Tuve la suerte de trabajar con ambos líderes religiosos, y con muchas otras personas -musulmanes y cristianos- en el Kilómetro Cinco, donde me dediqué sobre todo a ayudar en procesos locales de diálogo que condujeron a la firma de tres acuerdos vecinales de paz que han hecho posible que muchas personas desplazadas pudieran volver a sus casas. Fuera de este enclave musulmán, hoy hay ya, al menos, otras diez mezquitas reconstruidas, al menos parcialmente, en otros barrios de Bangui.
Cómo no recordar también la visita del Papa Francisco a Centroáfrica a finales de noviembre de 2015, con el rezo en la mezquita central del Kilómetro Cinco como su punto álgido, que tanto contribuyó a derribar barreras y mostrar el camino de la fraternidad.

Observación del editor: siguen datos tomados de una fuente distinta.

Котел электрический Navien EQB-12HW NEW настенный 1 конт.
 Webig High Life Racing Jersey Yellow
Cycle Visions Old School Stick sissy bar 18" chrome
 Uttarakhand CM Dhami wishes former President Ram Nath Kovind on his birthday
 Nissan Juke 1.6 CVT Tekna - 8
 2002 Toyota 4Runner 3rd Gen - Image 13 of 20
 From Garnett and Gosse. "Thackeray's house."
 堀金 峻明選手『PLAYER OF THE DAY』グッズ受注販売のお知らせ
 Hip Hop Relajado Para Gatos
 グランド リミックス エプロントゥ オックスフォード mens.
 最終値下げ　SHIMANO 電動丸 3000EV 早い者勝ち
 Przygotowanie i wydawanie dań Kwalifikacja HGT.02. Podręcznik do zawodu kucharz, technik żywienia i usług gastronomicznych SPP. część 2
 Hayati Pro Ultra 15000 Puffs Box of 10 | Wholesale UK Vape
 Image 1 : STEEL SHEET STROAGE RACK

Mis muchos y muy buenos amigos musulmanes me han mostrado que, con todas las diferencias profundas -que las hay y muchas- en las creencias de ambos, la fe y el amor en un solo Dios siempre serán más fuertes para unir a los creyentes en ambas religiones. Me considero privilegiado de tener excelentes amigos entre varios imanes, de frecuentar familias musulmanas en sus fiestas religiosas y de haber trabajado muy estrechamente con compañeros musulmanes en la búsqueda de la paz.
De su forma de vivir el Ramadán me ha impresionado siempre cómo viven este periodo esforzándose en vivir el ayuno de privación de comida y bebida como un medio de centrarse en Dios. Esta mortificación está acompañada de un sincero esfuerzo por no enfadarse, evitar las malas palabras y los malos pensamientos hacia los demás y reconciliarse con las personas con las que no se llevan bien por cualquier motivo. De hecho, el Ramadán ha sido siempre un periodo propicio para trabajar más durante los procesos de cohesión social y diálogo para reconciliarse.
No tengo grandes conocimientos teológicos sobre el Korán, ni mucho menos sobre las tradiciones islámicas, pero sí que tengo grandes amigos musulmanes con los que hablar de Dios sale como algo muy natural, muchas veces más que con amigos católicos. Cuántos domingos, al volver -a pie- de asistir a misa en la parroquia de Fátima, en la frontera del Kilómetro Cinco, regresaba por el barrio musulmán y tardaba dos o tres horas en salir de allí, al ser invitado por unos y por otros a tomar el té, y cuántas veces la conversación terminaba centrada en Dios y en la paz. A todos ellos, y con todo el cariño del mundo, “¡Ramadán Kareem!”